I can’t lie still any more so I go downstairs. Both Saskia and Mike are talking to Phoebe in the snug. I look for clues she’s told them what she thinks she knows but nothing seems untoward.
‘See, Mike, she’s fine, there’s no reason to stress about going out,’ Saskia says.
Phoebe won’t make eye contact with me, leaves the snug shortly after I arrive.
‘Where are you guys going?’ I ask.
‘Sas and I have been invited to the Bowens’ for dinner tonight but seeing as you’re not feeling very well I thought we should stay home instead.’
‘I feel better now after resting.’
Perhaps if they go out I could talk to Phoebe, reason with her, persuade her I’m different from you.
‘I’m not sure we should go, you’ve had a lot to deal with recently,’ Mike says.
‘I’m fine, honestly, I’m going to catch up with some schoolwork.’
‘I hope you’d tell us if you weren’t, Milly, that’s what we’re here for.’
‘Mike, she said she was okay, didn’t she? Anyway, we cancelled last time, we really should go.’
Mike nods, says, looks like I’ve been out-voted. Once they have their coats on he delays their departure, a series of time-wasting tactics, sorts through the junk mail on the shelf by the door, uses his foot to rearrange the pile of shoes on the floor. Comments on how the porch could do with being re-tiled.
‘Shall I quickly measure it now?’ he says.

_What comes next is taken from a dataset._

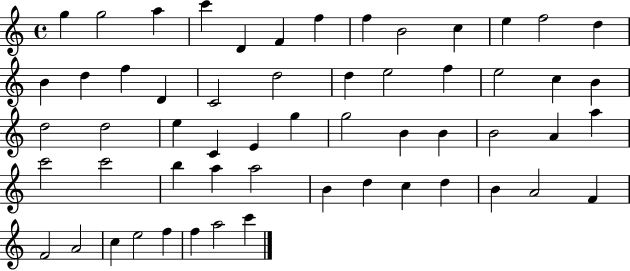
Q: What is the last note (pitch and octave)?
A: C6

‘No, we’re already late, come on,’ Saskia replies.
It’s not maternal his instinct but he senses it, some kind of tension in the house. He makes a final attempt.

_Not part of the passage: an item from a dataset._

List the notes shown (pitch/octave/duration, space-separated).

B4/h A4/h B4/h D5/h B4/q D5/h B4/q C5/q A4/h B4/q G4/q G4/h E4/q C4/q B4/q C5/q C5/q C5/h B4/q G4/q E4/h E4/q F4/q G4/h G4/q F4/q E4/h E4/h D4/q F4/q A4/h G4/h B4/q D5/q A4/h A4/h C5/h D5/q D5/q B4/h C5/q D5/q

‘What about Rosie then, she needs to go out.’
‘One of the girls can do it,’ Saskia replies.
‘Are you sure you don’t mind us going, Milly?’
‘It’s fine.’
‘The number for the Bowens is on the blackboard, call us if you need anything, anything at all,’ he says before they leave.
I don’t know what to do. Whether I should go up to Phoebe’s room, knock on the door. Ask her if I can talk to her about something, but I’m not sure what to say. I sit down on one of the sofas in the games room to think, Rosie at my feet. Her sharp ears hear it first, movement from above. She sits up, cocks her head, listens to Phoebe’s footsteps coming down the stairs. She calls for Rosie, but the dog doesn’t move. She calls again, this time more impatient. Forceful.
‘She’s in here with me,’ I respond.
She doesn’t answer straight away, must have thought I was elsewhere. Then she says without coming into the room, ‘She needs to go out, Mum just texted me.’
Rosie gets up at the mention of going out, pads into the hallway towards Phoebe.
‘For fuck’s sake, I’ll do it then.’
When she comes into the games room she ignores me, walks over to the patio door and opens it. Rosie follows her but won’t go outside, sits down at the open door.